Nica menaruh gelasnya sambil menatap Rahel. "Iya. Kenapa? Lo takut kalau gue tinggal di sini sendiri? Idih, gitu aja takut. Bocah banget!"
"Lo aja kali yang takut! Kenapa lo telepon gue buat balik?! See? siapa yang kayak bocah? Sok-sokan ngejek lo." Mengulurkan tangannya, mengambil gelas yang baru saja diletakkan Nica di sebelahnya, dan segera meminum coklat hangat sang adik.
"ARGH! Enak aja! Buatin lagi! Nggak mau tahu!" kesal Nica yang melihat kelakuan saudarinya.

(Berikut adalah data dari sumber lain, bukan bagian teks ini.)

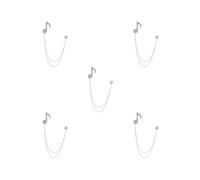 5 set of Music Note Brooch Badge Decor Rhinestone Brooch for Sweater Shirt Gift Silvery 2.8 cm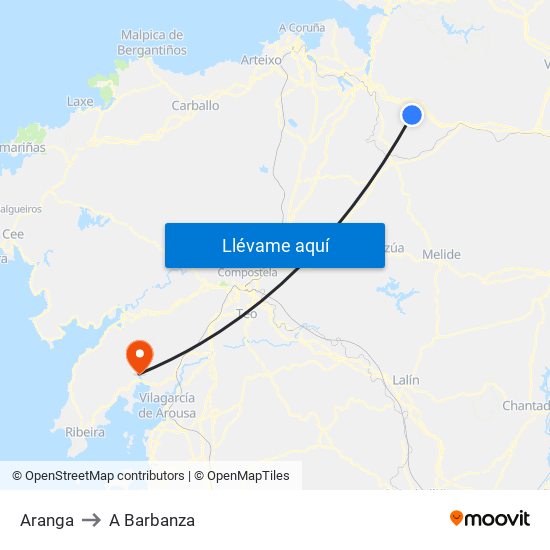 Aranga to A Barbanza map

Rahel melangkah menjauhi dapur, meninggalkan Nica yang tengah cemberut. Masa bodoh dengan gelas yang tadinya berisi minuman coklat, kini sudah habis tak bersisa. "Gue mau mandi. Bye!"
"HUAAA …! Ngeselin amat sih lo!" Rahel menoleh dan melambaikan tangannya, tak lupa dengan lidah yang menjulur, mengejek Nica.
"Nica sabar kok, mah. Mamah pasti bangga kan punya anak kayak Nica? Penyabar ...," gumam Nica menghibur diri dengan mengelus dada. Menuju kompor untuk merebus air guna membuat minuman kesukaannya yang telah dihabiskan Rahel. Nica bersenandung sambil menuangkan air yang di dalam panci ke gelasnya. Menghirup aroma wangi dari minuman coklat itu sambil memamerkan senyumnya. Wanginya, pasti lezat seperti biasa. "Eumh, enak …."
"HEH! Ngapain lo merem-merem nggak jelas? Udah mulai gila lo?"